Ce jour-là, la veuve de Pierre Faburel, fait, chez Maître Herbel notaire à Saint-Germer de Fly, partage et transfert de ses biens par parts égales entre ses quatre héritiers , moyennant une rente viagère. L’ensemble des biens attribués est important et se partage entre ce qui est :
du propre de Angélique Françoise Dagincourt (« Madame Faburel ») :
- 25,53 ares de terre de labour à Champ Mauger, lieudit chemin de la Vigne
- 25,53 ares au Bois Raban ;
- 25,53 ares à Guelancourt
- 12, 76 ares au lieudit « le Marais »
- 25,76 ares au Buquet de Courcelles
- la maison de la place du puits, décrite à l'article 6 (bas de page 2 et haut de page 3)
« Une maison est située audit Cérifontaine, place du puits rue de Cocagne, composée de trois corps de bâtiments, à savoir le premier construit en pierre à couvert de tuiles à usage de cuisine et chambre, avec cave sous ladite chambre le second couvert en chaume à usage d’écurie et charreterie, grange à étable à porcs et le troisième aussi couvert en chaume à usage d’étable à vache, fournil et poulailler. Plus une portion de terrain en nature de cour et jardin sur laquelle sont construits lesdits bâtiments , planté de quelques arbres fruitiers contenant environ vingt deux ares tenant d’un côté Alexandre Dagincourt, par une haie vive mitoyenne, d’autre côté au chemin de la ruelle par une haie vive de l’essence du fonds ».

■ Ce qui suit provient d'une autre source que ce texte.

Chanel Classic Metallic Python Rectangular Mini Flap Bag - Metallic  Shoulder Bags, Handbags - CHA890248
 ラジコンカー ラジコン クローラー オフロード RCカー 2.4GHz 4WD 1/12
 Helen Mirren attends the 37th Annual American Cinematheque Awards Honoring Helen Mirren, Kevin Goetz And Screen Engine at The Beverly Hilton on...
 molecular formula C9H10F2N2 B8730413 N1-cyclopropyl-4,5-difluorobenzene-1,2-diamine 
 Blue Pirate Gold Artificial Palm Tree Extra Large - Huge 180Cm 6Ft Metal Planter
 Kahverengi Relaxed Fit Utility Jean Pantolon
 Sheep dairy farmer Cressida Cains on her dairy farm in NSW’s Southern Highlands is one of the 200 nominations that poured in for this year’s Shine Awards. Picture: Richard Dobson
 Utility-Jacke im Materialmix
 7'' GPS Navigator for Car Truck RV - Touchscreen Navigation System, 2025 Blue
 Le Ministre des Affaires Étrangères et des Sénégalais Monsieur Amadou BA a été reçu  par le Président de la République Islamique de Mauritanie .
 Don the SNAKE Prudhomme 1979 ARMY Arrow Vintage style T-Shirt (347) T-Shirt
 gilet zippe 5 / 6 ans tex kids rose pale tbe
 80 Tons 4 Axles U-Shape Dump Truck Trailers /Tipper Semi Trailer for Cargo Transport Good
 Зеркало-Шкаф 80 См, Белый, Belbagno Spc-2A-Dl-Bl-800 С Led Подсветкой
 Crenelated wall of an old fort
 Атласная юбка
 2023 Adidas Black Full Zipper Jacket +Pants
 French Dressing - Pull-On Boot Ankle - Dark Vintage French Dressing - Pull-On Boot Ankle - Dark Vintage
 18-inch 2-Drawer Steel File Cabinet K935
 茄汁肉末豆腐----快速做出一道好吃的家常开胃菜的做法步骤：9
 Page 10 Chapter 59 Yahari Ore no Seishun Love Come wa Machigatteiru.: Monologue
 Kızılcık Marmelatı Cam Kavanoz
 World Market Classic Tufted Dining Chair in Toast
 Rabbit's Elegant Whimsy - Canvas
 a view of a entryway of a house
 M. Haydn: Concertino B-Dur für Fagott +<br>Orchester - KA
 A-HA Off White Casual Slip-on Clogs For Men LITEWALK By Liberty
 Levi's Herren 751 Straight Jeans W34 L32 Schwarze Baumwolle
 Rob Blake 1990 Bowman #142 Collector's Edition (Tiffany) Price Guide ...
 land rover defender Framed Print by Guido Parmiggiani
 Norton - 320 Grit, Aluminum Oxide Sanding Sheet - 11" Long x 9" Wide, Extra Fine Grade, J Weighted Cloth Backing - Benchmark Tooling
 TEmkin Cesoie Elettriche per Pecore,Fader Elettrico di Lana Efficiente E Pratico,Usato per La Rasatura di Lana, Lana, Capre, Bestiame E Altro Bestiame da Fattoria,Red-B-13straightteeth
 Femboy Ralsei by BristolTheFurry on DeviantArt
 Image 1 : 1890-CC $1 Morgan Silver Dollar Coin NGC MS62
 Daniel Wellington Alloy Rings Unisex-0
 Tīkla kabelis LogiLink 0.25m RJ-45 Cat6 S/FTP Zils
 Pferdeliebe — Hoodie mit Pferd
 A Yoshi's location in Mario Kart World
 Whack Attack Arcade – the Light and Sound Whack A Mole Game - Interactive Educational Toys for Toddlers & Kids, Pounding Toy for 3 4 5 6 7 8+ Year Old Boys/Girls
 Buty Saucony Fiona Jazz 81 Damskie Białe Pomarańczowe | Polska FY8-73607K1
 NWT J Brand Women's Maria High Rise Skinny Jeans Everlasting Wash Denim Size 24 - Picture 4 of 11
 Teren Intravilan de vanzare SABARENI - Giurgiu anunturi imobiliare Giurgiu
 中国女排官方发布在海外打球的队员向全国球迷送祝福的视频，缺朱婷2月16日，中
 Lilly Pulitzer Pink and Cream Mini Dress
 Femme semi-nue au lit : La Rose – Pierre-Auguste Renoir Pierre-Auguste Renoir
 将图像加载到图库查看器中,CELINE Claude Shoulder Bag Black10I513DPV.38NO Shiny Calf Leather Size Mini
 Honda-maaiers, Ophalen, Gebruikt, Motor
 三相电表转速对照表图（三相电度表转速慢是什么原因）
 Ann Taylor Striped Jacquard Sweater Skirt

du fait des acquêts du couple Faburel-Dagincourt :
- 48 ares en bois au Champ Mauger
- 76,6 ares en labour au même Champ Mauger
- 76,6 ares en terre de labour sur le Chemin du Coudray
- 38,3 en terre de labour au lieudit la Grosse Haie
- 76,6 ares au lieu-dit Grand et Petit Clos, planté d’arbres fruitiers
- 42 ares en terre de labour au même endroit
- 22,4 ares en bois au même endroit
- 1 ha 2ares et 4 ca en labour au lieu-dit la Bulthor
- 38,30 ares d’arbres fruitiers au lieu-dit le vieux Plant
- 11,76 ares de terre de labour au lieudit la grande mare
- plusieurs corps de bâtiments au Champ Mauger`
- etc etc
Je ne sais qui occupa ma maison, avant comme après le partage de 1834. Le 9 novembre 1839, toujours devant Maître Herbel notaire à Saint-Germer de Fly, les 4 héritiers Faburel ensemble vendirent le terrain et la maison. La vente se fit par adjudication au meilleur enchérisseur, une pratique qui semble avoir permis certains arrangements familiaux.
« Cette maison est située audit Cérifontaine, place du puits rue de Cocagne, composée de trois corps de bâtiments, à savoir le premier construit en pierre à couvert de tuiles à usage de cuisine et chambre, avec cave sous ladite chambre le second couvert en chaume à usage d’écurie et charreterie, grange à étable à porcs et le troisième aussi couvert en chaume à usage d’étable à vache, fournil et poulailler Plus une portion de terrain en nature de cour et jardin sur laquelle sont construits lesdits bâtiments, planté de quelques arbres fruitiers contenant environ vongt deux ares tenant d’un côté Alexandre Dagincourt, par une haie vive mitoyenne, d’autre côté au chemin de la ruelle par une haie vive de l’essence du fonds ».
L’adjudication est remportée par à Louis-Michel Dagincourt, neveu de la défunte. Ce nouveau propriétaire de ma maison était né le 13 ventôse an 8, soit le 4 mars 1800. Il est décédé en 1859. Il était le premier des 4 fils de Michel-Pascal Dagincourt, né le18 juillet 1770, cultivateur décédé à Sérifontaine le 23 avril 1836, époux de Marie Catherine Demeurant.
Le 18 juillet 1840, il épousait Aimable Petit, une « servante » de 38 ans, native du canton de Songeons. Je ne sais s’ils vécurent ensemble rue de Cocagne durant les 10 années suivantes, avant qu’ils ne cèdent ma maison, et qu’elle entre pour plus d’un siècle dans l’histoire d’une autre famille, les Tellier.
Ces Tellier, qui apparaissent déjà sur le recensement de 1846 dans la maison numérotée 21 - mais j'ai dit combien il fallait se méfier des numéros de recensement - étaient probablement locataires de la maison de la "place du puits" avant de s'en rendre acquéreurs.